A mudança na lei das sociedades limitadas coloca o Poder Judiciário diante de dois cenários: pode prevalecer uma vinculação genérica ao Código Civil, que, ao ser alterado, resulta em mudança automática dos quóruns a ele ligados; ou a vontade dos sócios, manifestada na vigência de lei revogada, pode estar vinculada ao texto outrora vigente e, portanto, tal disposição vincularia o contrato social à regra antiga, mesmo após a alteração legal, já que ele expressa o desejo dos sócios quando da assinatura do contrato social.
"Outro caminho possível aos sócios insatisfeitos com a mudança será o exercício do direito de retirada — sendo que o Poder Judiciário poderá ser demandado para discussões relativas à valoração das quotas do sócio retirante", prevê Eduardo Faglioni Ribas.

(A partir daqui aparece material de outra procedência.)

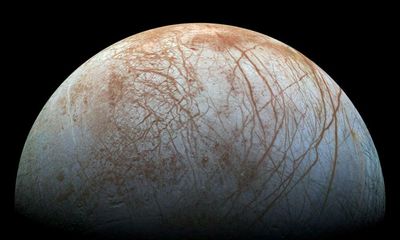 Jupiter’s moon Europa may have water where life could exist, say scientists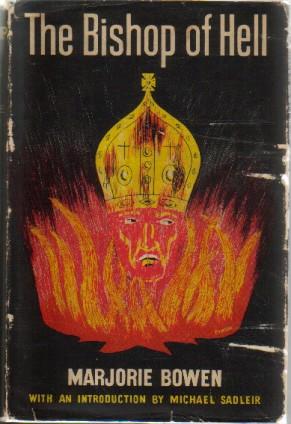 The Bishop of Hell and Other Stories by Marjorie Bowen The Bishop of Hell and Other Stories by Marjorie Bowen
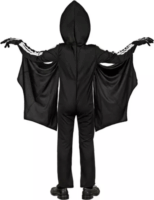 Widmann Pterodaktilusz csontváz kezeslábas jelmez 140 cm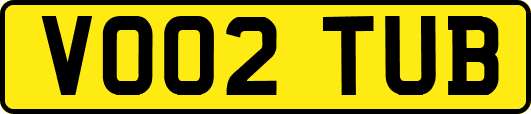 VO02TUB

Para o Judiciário, segundo Mariana Nogueira, a questão é relativamente simples, já que as regras de Direito material se aplicam a qualquer evento nela previsto a partir de sua promulgação, sem retroagir. Portanto, tornam-se aplicáveis a partir de 22 de outubro.

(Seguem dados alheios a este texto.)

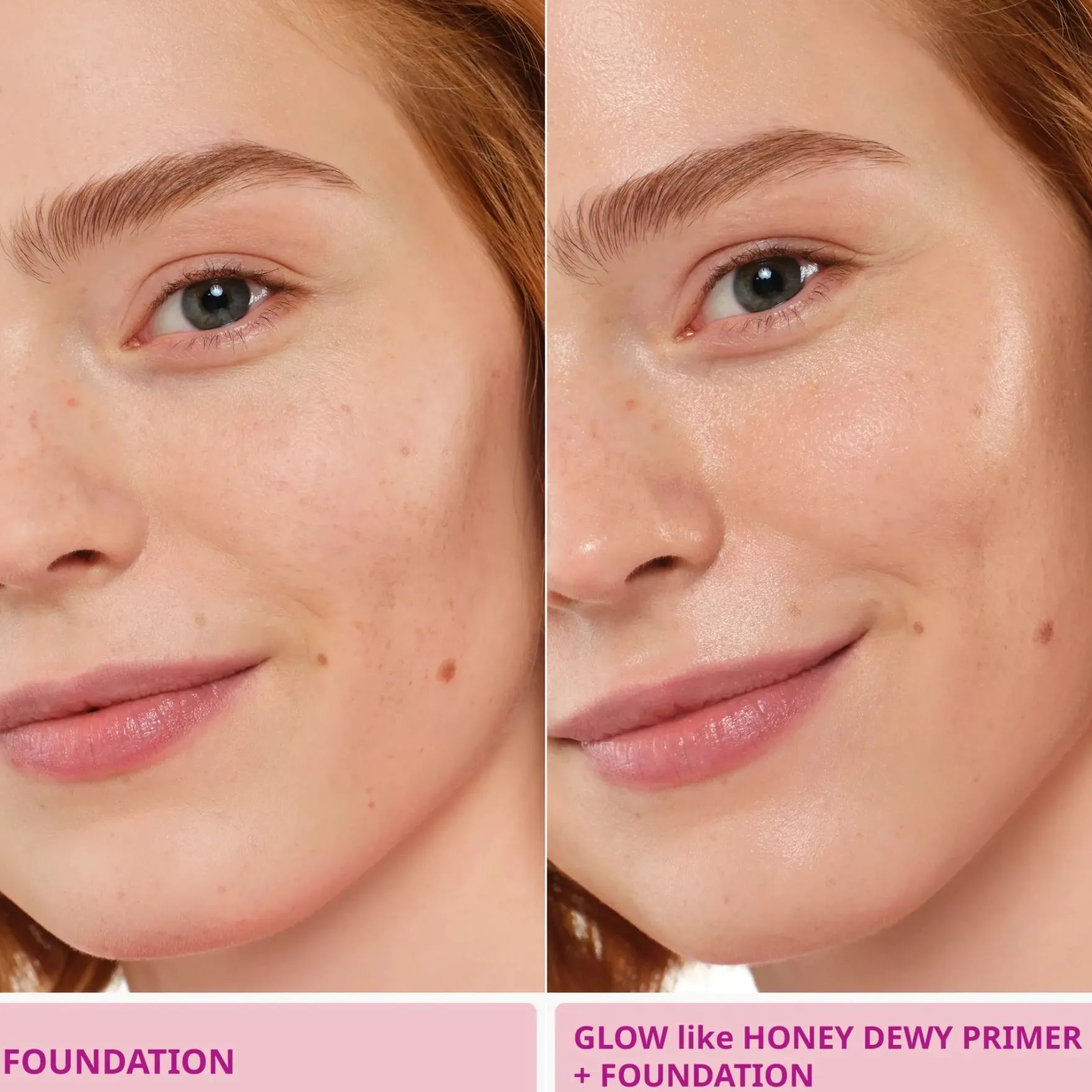 Glow Like Honey Dewy Primer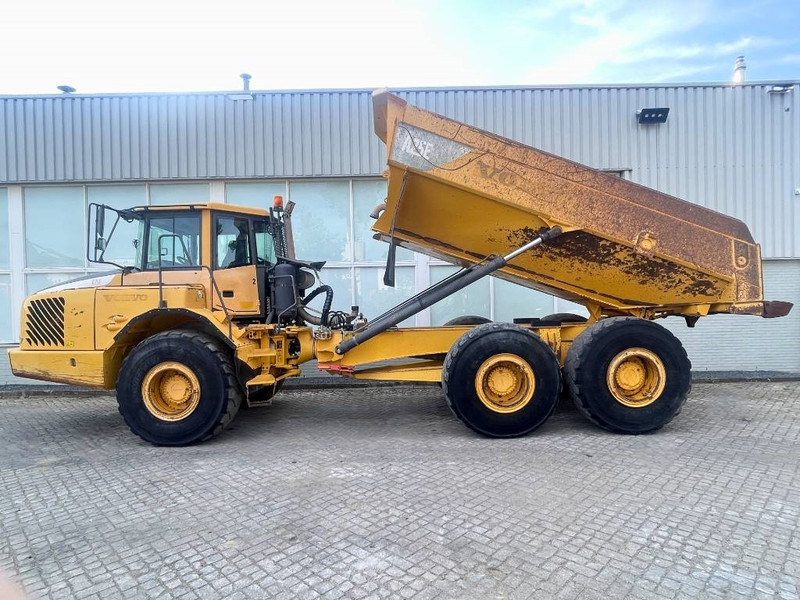 Volvo A 25 E 2007 - Ramstyrd dumper: bild 2 Volvo A 25 E 2007 - Ramstyrd dumper: bild 2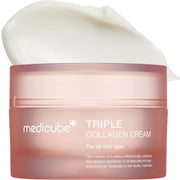 Triple Collagen Elixir Cream - Hydrating & Firming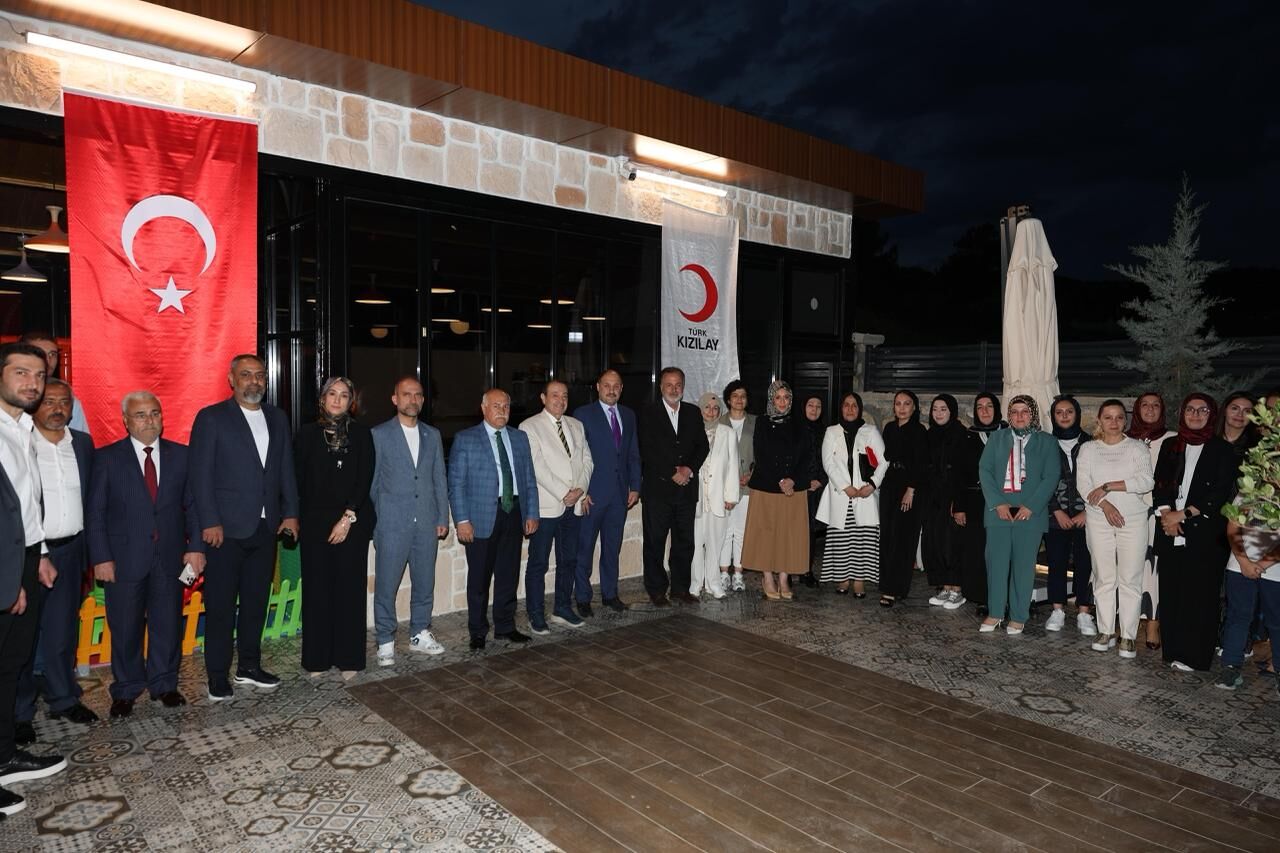 Başkan Gülpinar “Kizilay’in Hi̇lali̇ Umut Olmuştur” (6)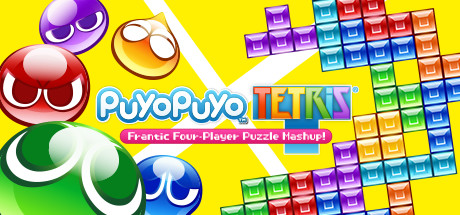 噗哟噗哟俄罗斯方块-虚拟机版 Build.2712168（Puyo Puyo Tetris）免安装英文版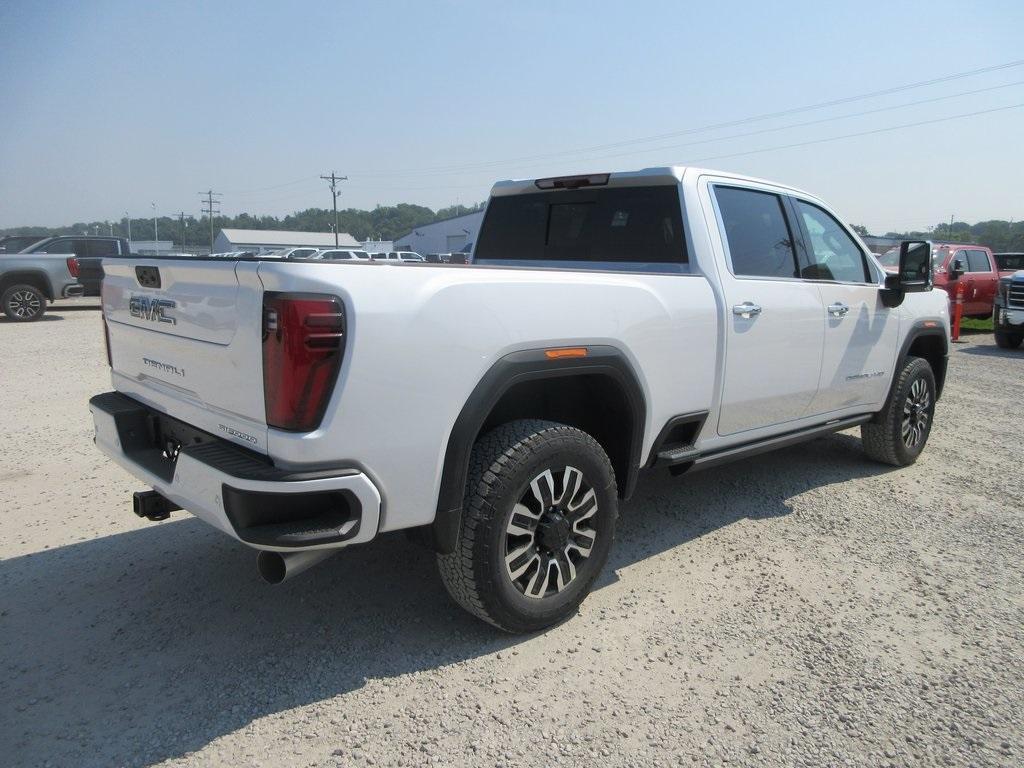 new 2025 GMC Sierra 2500 car, priced at $91,557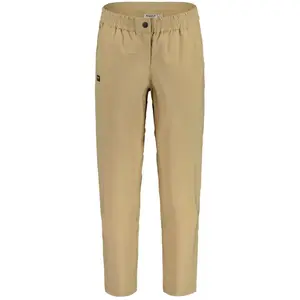 Maloja - Women's SchneebergM. - Pantalon de trekking taille S, beige pas cher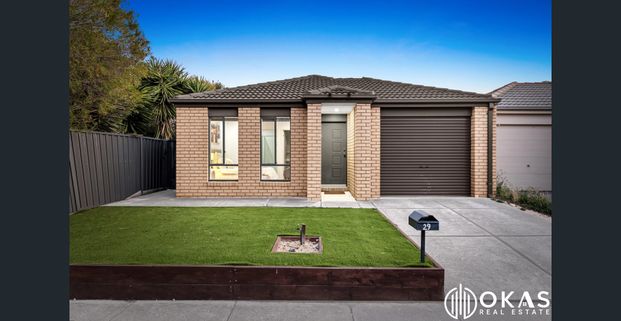 Charming Family Home For Lease In Truganina!! - Photo 1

"Dessa forma, as sociedades cujos contratos sociais não prevejam quóruns específicos estarão sujeitas ao quórum de deliberação legal vigente no momento da referida deliberação e/ou votação."

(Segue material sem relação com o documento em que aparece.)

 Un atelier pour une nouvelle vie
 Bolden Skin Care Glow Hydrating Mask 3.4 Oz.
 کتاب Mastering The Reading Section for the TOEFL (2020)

As sociedades que se interessarem em adaptar seus contratos sociais à nova legislação deverão se reunir e votar pela reforma do documento, objetivando a redução dos quóruns previstos ou a sua remoção, com simples remessa à lei vigente.
"Essa votação, no entanto, poderá ser delicada porque esbarrará em interesses já postos na sociedade, relacionados ao percentual de participação de cada sócio, que estará obrigada a respeitar o quórum previsto", prevê Mariana Nogueira.
Assim, a nomeação de um administrador não sócio — artigo 1.061 do Código Civil — dependerá da aprovação de pelo menos dois terços dos sócios enquanto o capital não estiver integralizado. E dependerá da maioria simples após a integralização. Atualmente, é exigida a aprovação por unanimidade dos sócios e de pelo menos dois terços deles após a integralização do capital, respectivamente.
"Entendemos a mudança legislativa do quórum geral para sociedades limitadas como bem-vinda, na medida em que, ao privilegiar o princípio majoritário, outorga maior liberdade na acomodação de interesses dos sócios de sociedades limitadas — as quais, caso queiram, poderão adotar, sem óbices, o regime anterior", afirma Eduardo Ribas.
Por outro lado, a ausência de modulação ou de regras de transição para sociedades baseadas na regra atualmente vigente e a data de publicação da lei de apenas 30 dias deverão gerar discussões até então inesperadas entre sócios, visto que será alterada abruptamente a dinâmica do poder de controle.
A prática societária nas sociedades limitadas foi consolidada em torno do quórum de 75%, fixado em uma lei (a atual) na qual não era facultada aos sócios a minoração.
"Era usual, mas não necessário, que fosse fixado no contrato social, mais por razões de forma do que jurídicas, que o quórum de alteração do contrato fosse expressamente indicado em 75%. Não raro, todavia, apenas remetia-se (ou simplesmente não se apontava no contrato essa disposição) ao regramento legal — na segurança de que, uma vez positivada em lei, a relação estaria segura ao longo do tempo”, aponta Eduardo Ribas.
Segundo ele, era comum escolher o regime das sociedades limitadas para garantir ao sócio ou ao grupo minoritário, titular de 25% da participação social, poder de veto nas deliberações atinentes à alteração do contrato social.
“Com a mudança, além da diminuição do custo do controle — já que será controlador aquele com metade mais um da participação social —, retirar-se-á dos minoritários um poder de veto antes constituído em torno da regra de quórum legal", conclui.